Elle s’adressa encore à un autre ami en qui elle avait d’autant plus de confiance qu’une même affection pour Fouquet, un même regret de sa chute, une même pitié pour son infortune, rapprochaient alors leurs cœurs. C’était Arnauld de Pomponne, qu’elle connaissait depuis plusieurs années. Elle avait dû le rencontrer souvent chez le surintendant, et, comme le fait remarquer M. Walckenaer[2], à l’hôtel de Rambouillet et dans ce palais enchanté de madame du Plessis Guénégaud, où elle allait depuis longtemps[3]. Il est probable surtout que Renaud de Sévigné, qui était en relation avec les hommes de Port-Royal, avant le temps même où il passa au milieu d’eux sa vie pénitente, fut le lien de cette amitié entre sa nièce et le fils d’Arnauld d’Andilly.
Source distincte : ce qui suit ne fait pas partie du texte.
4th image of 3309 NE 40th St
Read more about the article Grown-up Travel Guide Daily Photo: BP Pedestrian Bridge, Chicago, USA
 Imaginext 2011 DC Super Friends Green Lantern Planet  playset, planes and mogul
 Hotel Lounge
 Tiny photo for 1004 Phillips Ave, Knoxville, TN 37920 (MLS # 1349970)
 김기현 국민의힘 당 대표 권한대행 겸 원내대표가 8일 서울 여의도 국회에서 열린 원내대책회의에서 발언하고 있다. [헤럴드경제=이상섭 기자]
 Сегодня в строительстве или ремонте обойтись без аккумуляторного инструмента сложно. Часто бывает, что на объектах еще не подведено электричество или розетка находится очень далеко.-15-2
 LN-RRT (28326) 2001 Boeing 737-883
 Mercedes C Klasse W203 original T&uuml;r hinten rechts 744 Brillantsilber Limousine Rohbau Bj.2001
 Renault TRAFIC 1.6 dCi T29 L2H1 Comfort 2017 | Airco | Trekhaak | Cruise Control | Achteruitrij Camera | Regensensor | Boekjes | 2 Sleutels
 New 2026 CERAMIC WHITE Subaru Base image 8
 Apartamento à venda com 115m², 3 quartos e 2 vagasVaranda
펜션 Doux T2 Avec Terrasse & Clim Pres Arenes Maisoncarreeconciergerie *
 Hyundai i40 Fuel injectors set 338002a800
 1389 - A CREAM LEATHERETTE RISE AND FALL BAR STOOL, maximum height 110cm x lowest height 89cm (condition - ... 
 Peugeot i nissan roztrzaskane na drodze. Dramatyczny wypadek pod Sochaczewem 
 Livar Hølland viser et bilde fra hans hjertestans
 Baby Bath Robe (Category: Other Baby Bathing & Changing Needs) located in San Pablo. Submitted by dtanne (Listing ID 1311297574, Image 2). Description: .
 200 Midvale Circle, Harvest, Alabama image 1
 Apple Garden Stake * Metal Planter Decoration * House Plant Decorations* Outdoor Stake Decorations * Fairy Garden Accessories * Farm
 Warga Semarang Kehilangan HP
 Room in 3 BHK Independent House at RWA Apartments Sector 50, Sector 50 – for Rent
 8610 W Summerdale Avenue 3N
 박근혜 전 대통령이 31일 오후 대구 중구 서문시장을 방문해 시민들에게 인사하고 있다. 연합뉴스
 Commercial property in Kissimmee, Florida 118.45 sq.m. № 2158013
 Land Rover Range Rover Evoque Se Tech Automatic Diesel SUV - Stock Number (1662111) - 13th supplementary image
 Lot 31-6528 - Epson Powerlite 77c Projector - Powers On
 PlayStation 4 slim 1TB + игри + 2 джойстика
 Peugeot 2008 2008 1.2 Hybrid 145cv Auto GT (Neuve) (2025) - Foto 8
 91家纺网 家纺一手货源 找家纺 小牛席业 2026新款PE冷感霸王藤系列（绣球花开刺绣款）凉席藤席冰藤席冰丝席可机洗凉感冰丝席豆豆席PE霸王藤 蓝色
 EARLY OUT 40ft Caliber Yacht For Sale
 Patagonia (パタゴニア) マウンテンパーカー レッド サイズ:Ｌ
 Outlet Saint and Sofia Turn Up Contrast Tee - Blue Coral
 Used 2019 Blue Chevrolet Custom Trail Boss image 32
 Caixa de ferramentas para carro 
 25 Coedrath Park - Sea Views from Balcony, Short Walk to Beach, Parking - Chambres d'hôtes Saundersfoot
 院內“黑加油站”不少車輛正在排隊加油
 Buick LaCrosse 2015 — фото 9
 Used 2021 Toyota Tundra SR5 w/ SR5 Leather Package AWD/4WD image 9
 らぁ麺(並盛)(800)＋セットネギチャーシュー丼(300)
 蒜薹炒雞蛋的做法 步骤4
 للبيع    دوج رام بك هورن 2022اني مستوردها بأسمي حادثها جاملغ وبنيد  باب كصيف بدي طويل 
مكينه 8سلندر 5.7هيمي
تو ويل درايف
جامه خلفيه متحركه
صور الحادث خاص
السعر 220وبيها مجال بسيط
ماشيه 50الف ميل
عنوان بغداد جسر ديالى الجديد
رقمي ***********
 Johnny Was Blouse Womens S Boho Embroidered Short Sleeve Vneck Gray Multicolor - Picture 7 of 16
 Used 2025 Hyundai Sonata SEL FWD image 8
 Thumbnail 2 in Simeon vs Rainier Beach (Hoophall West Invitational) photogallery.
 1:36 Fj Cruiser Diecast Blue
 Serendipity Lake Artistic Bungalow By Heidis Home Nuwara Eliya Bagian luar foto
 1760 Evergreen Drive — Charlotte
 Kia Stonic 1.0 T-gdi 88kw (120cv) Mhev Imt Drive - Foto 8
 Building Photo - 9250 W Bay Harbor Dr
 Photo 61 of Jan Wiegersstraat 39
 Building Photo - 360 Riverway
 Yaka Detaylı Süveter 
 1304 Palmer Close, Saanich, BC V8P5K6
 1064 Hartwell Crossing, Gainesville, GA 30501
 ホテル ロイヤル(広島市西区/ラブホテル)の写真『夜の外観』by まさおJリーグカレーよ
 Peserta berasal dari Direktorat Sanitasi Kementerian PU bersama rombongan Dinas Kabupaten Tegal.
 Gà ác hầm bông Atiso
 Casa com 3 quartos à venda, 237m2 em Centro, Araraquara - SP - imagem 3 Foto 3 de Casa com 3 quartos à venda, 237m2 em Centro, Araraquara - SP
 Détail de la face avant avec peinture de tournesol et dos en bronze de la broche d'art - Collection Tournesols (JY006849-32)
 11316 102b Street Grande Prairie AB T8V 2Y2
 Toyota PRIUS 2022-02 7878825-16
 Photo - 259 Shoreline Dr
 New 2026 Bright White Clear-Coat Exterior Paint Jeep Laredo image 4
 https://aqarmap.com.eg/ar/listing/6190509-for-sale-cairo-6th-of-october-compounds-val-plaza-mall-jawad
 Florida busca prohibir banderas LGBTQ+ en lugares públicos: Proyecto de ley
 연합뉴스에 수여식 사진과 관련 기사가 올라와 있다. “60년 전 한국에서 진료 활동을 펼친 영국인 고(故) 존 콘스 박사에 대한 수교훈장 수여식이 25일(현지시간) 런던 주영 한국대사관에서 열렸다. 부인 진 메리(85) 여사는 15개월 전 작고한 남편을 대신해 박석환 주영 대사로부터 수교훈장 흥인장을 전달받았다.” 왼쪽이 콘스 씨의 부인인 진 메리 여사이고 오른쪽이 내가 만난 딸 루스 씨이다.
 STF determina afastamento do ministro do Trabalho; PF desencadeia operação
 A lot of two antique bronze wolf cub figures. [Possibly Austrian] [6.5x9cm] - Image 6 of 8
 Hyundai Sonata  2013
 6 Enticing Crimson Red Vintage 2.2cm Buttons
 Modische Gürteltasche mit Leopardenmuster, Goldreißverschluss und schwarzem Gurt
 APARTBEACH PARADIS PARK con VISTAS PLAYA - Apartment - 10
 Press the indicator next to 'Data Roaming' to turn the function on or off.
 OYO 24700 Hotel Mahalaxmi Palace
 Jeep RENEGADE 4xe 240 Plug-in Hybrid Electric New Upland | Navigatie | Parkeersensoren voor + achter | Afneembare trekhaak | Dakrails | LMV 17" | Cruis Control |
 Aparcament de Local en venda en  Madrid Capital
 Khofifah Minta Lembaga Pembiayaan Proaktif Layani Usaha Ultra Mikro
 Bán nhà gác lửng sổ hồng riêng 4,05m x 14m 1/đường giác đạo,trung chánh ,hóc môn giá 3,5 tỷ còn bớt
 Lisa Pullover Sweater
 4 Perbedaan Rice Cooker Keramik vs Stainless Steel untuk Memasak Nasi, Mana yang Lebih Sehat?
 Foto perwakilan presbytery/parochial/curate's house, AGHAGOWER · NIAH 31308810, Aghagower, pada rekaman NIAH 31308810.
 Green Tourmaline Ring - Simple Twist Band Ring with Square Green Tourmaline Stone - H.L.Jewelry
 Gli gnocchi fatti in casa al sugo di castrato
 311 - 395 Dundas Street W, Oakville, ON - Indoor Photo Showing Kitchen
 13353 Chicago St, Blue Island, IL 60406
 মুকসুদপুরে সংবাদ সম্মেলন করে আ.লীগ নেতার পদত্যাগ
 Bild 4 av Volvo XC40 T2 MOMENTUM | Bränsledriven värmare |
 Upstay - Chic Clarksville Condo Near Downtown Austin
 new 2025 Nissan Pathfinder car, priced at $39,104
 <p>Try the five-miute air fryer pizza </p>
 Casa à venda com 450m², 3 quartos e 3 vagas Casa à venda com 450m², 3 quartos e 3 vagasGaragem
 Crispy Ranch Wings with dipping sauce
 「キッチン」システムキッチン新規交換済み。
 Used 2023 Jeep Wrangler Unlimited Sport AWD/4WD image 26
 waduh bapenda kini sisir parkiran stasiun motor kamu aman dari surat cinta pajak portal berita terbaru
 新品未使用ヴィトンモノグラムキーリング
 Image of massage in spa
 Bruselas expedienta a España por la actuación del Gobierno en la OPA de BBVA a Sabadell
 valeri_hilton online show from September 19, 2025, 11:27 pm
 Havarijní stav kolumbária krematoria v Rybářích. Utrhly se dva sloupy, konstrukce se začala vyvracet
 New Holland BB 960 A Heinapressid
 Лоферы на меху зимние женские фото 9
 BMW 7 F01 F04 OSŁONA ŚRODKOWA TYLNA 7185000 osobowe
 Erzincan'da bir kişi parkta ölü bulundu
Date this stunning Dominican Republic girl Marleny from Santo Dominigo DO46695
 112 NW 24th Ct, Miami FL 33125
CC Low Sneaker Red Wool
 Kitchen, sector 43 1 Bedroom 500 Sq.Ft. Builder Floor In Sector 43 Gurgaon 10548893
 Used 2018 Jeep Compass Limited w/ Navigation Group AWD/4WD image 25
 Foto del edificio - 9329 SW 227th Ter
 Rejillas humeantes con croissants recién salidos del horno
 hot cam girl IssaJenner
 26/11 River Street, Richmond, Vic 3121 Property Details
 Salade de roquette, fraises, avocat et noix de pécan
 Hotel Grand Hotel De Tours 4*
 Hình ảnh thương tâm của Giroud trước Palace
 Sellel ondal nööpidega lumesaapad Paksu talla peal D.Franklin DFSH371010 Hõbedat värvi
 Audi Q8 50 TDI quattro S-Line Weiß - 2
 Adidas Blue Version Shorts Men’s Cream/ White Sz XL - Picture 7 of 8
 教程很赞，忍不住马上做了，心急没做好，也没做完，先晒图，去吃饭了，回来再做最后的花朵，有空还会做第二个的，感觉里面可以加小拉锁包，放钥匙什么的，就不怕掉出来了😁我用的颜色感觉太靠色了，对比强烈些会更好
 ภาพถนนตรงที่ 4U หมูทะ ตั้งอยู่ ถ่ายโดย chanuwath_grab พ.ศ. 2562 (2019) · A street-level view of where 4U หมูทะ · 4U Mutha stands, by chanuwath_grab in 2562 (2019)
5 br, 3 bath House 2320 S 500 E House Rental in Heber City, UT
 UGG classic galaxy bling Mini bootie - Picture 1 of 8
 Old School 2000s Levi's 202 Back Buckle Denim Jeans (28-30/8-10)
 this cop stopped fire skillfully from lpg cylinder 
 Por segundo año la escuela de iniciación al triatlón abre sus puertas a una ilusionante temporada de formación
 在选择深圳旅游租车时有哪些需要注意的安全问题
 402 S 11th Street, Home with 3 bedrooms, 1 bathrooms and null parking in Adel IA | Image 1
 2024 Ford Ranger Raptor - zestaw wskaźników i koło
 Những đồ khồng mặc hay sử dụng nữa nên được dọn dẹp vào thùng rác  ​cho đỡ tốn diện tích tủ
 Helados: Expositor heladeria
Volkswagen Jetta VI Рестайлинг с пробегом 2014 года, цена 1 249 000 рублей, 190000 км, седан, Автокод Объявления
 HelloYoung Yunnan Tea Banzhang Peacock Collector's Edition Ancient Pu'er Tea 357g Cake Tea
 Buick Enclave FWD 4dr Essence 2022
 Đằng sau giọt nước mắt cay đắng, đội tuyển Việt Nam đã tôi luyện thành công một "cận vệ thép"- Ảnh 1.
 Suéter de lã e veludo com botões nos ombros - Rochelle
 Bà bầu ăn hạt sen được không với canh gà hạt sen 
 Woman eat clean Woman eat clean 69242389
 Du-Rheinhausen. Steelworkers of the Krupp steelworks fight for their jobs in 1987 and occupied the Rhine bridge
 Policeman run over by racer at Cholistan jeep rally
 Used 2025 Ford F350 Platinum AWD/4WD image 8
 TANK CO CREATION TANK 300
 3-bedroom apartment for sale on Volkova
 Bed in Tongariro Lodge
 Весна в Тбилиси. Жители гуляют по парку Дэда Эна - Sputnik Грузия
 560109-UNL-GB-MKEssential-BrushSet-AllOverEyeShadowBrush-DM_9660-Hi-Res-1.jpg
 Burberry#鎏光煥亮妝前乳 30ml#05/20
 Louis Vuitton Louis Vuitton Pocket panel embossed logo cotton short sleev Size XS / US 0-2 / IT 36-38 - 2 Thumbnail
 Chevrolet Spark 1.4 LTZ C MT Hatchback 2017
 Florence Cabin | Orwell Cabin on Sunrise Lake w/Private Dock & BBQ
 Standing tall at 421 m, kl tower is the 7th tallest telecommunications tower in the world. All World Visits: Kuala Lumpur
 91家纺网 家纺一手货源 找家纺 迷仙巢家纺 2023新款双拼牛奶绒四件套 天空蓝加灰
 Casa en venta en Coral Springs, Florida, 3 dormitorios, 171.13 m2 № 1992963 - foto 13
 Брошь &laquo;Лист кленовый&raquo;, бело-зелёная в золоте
Nous savons du moins par les Mémoires de l’abbé Arnauld, frère de Pomponne, que ce fut au chevalier de Sévigné qu’il dut en 1657 la connaissance de l’illustre marquise. Nous allons voir madame de Sévigné en correspondance suivie avec Pomponne pendant le procès de Fouquet. Au sujet

  1. Lettre du 9 octobre 1661.
  2. Mémoires sur madame de Sévigné, deuxième partie, p. 206.
  3. Lettre de madame de Sévigné à M. de Pomponne, du 18 novembre 1664.